▶ **RECORDS SUPPLIED**
[Start of section]

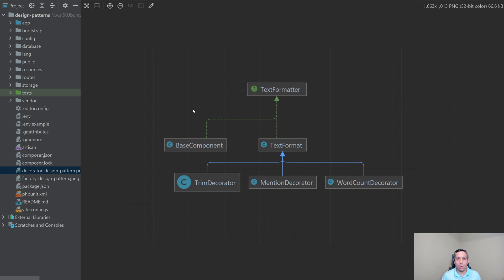Here's a diagram of what we are going to make. So we have a text formatter, and this text formatter might be something like a comment on a ticket or a comment on a post. We're going to have a base component, which is just going to return just the plain raw text. And then on top of that, we are going to have a trim decorator, a mention decorator, and a word count decorator. The trim decorator is going to trim the white space off the front and the back. The mention decorator is going to add in a link if someone is mentioned inside the comment.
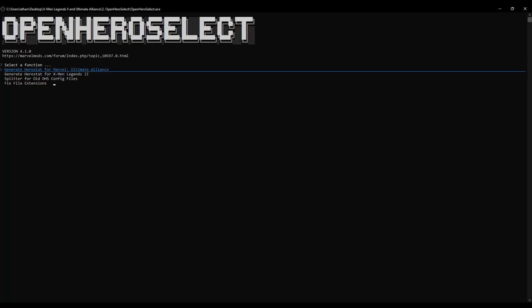Welcome to our latest video tutorial. In this video, we'll be covering Open Hero Select, which is one of the available programs to edit the Herostat.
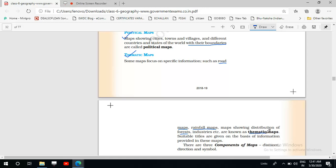Whatever is the theme and whatever information is being given by the map, the title is given accordingly — a road map gives information about roads, a rainfall map gives information about rainfall. We have discussed three types of maps: the physical map, the political map, and the thematic map.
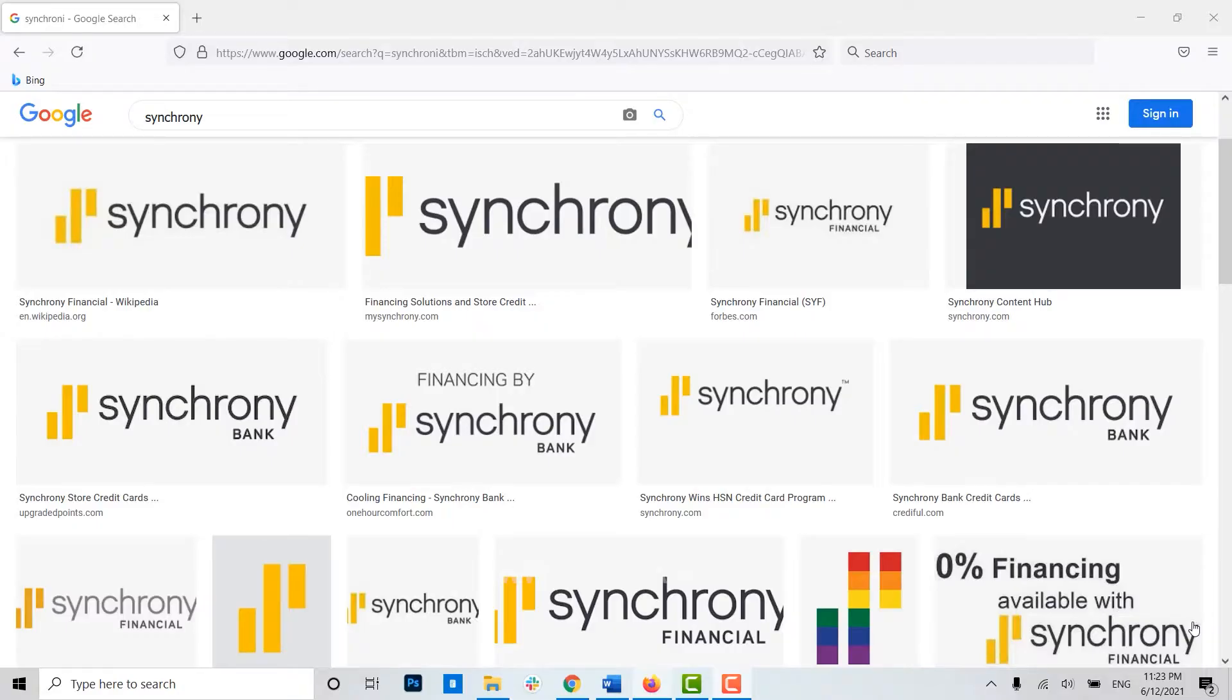Hello everyone, welcome back to another episode of Logging In. For this episode, I will be showing you how you can sign up or register for the online banking of Synchrony. Now to begin with, let's...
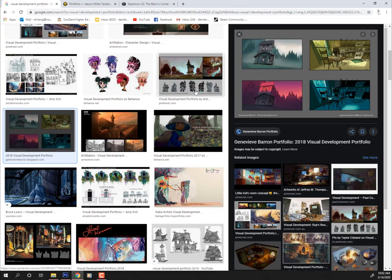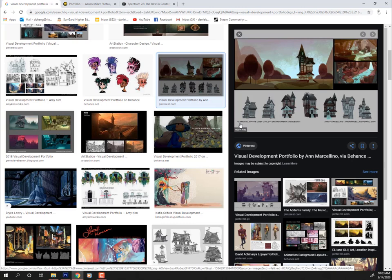Here's a nice little blurb: 'Carnival of the Lost Child' in quotes — that's probably the story title — and then 'Environment and Design,' saying hey, I'm focusing on environments here. Over here is the name of the artist and then an email. That's pretty standard across the board.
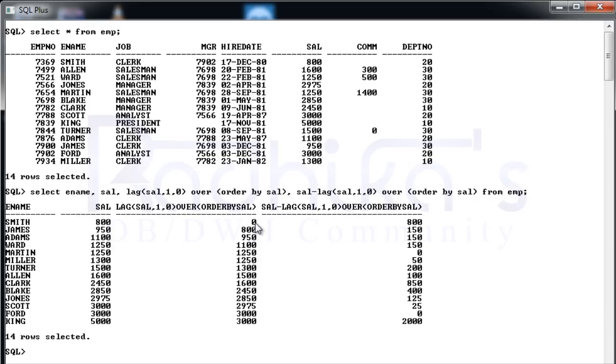For James, the salary and the previous salary, there is $150 difference. Then for $1100, there is again $150 difference. So you can see the difference. This is how you will be making use of LAG function.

[End of section]

▶ **WHAT TO DO**
Type the listing above out again exactly, and omit all pictures.

▶ **YOUR RESPONSE**
Here's a diagram of what we are going to make. So we have a text formatter, and this text formatter might be something like a comment on a ticket or a comment on a post. We're going to have a base component, which is just going to return just the plain raw text. And then on top of that, we are going to have a trim decorator, a mention decorator, and a word count decorator. The trim decorator is going to trim the white space off the front and the back. The mention decorator is going to add in a link if someone is mentioned inside the comment.
Welcome to our latest video tutorial. In this video, we'll be covering Open Hero Select, which is one of the available programs to edit the Herostat.
Whatever is the theme and whatever information is being given by the map, the title is given accordingly — a road map gives information about roads, a rainfall map gives information about rainfall. We have discussed three types of maps: the physical map, the political map, and the thematic map.
Hello everyone, welcome back to another episode of Logging In. For this episode, I will be showing you how you can sign up or register for the online banking of Synchrony. Now to begin with, let's...
Here's a nice little blurb: 'Carnival of the Lost Child' in quotes — that's probably the story title — and then 'Environment and Design,' saying hey, I'm focusing on environments here. Over here is the name of the artist and then an email. That's pretty standard across the board.
For James, the salary and the previous salary, there is $150 difference. Then for $1100, there is again $150 difference. So you can see the difference. This is how you will be making use of LAG function.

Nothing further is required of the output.